If energy poverty had a face, it would be of a brown or black woman. And yet, there is a large gap of financing available for women energy entrepreneurs who have faced the problem first-hand. As we celebrate International Women’s Day this month, we must acknowledge that ecosystem support services for women entrepreneurs is critical for achieving energy access objectives under Sustainable Development Goal 7.

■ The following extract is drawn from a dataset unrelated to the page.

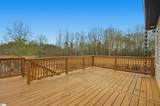 352 Dogwood Trail - Photo 16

Currently, energy access investors have been focused on picking winners – so-called unicorns –that can scale their services to reach millions of customers. However, with 1.06 billion people still lacking access to basic electricity, many of them women living in urban slums and rural areas in Africa and Asia, a combination of unicorns and zebras (typically female-founded businesses that have slower growth, but sustainable returns) is needed to achieve SDG7, which calls for universal access to sustainable energy by 2030.
Regardless of the wealth and advancement of their economies, according to the Mastercard Index of Women Entrepreneurs, countries that have favourable entrepreneurial conditions for Small Medium Enterprises (SMEs) and good governance tend to have more women business owners. The backing of local SME financiers, local intermediaries and providing cheaper debt capital are a few ways to make energy investments more inclusive.
SMEs are the engines that drive an economy’s growth, create jobs, and are conducive for women in the workforce. Furthermore, when women energy entrepreneurs do receive financing, they create innovative approaches to furthering energy access to so-called ‘last mile’ populations, such as tapping into Self Help Groups, Village Loans and Savings Associations, Cooperatives, Community Based Organizations, schools and other institutions.
The lack of access to financing has long been identified as the biggest barrier for achieving SDG7 goals, especially in Least Developed Countries. Much of the capital flowing to renewable energy sectors in these countries is geared towards large-scale, infrastructure projects. Development Finance Institutions (DFIs) are a key stakeholder, filling the gap where the private sector is reluctant to participate.
Gender disparities, however, remain quite clear in terms of access to finance and investment flows. Women-owned businesses in developing countries typically are smaller businesses. Energy businesses popular with women, such as pico solar lantern distribution, retail, and small-scale production in briquettes and cooking stoves, tend to have low revenue and operate with slim margins. They are typically funded by grants rather than investment capital, making it difficult for micro and small businesses to grow. Most Microfinance Institutions have not supported energy entrepreneurs at the scale originally envisioned due to lack of expertise and experience with energy lending.
Tailored incubators and accelerators, such as ENVenture in Uganda, support local energy entrepreneurs by helping to make connections, facilitate introductions, extend networks, and provide mentorship. This type of facility especially supports women energy entrepreneurs in developing countries who typically require more training and financial literacy programs to improve their business growth. The key, however, is to offer both financing and mentorship. Without mentorship, many entrepreneurs become stuck in the difficulties of running a business and may use financing unwisely. Similarly, an entrepreneur who receives mentorship, but has difficulty accessing financing, is a creating a road leading to nowhere. Both are necessary for entrepreneurs to succeed.
Another way that ENVenture is tackling these issues is by partnering with Sustainable Energy for All on its People-Centered Accelerator, a global initiative aimed at advancing gender equality, social inclusion and women’s empowerment in the sustainable energy sector. Unlocking finance and collaborative mentoring are key priorities for the Accelerator, which is especially focused on delivering clean, affordable energy to under-served ‘last-mile’ populations.
Investing in women is not just altruistic; it makes good business sense and will increase access to modern energy. Global investments in women entrepreneurs are already extremely low; investors must not fall into the same pattern when investing in energy access. This is a uniquely gendered market that requires equal participation of women and men for universal energy access goals to truly be achieved.
This blog post is part of a series Sustainable Energy for All (SEforALL) is running throughout March related to our work and partners from the People-Centered Accelerator. The series has been timed to coincide with International Women’s Day on March 8, 2018.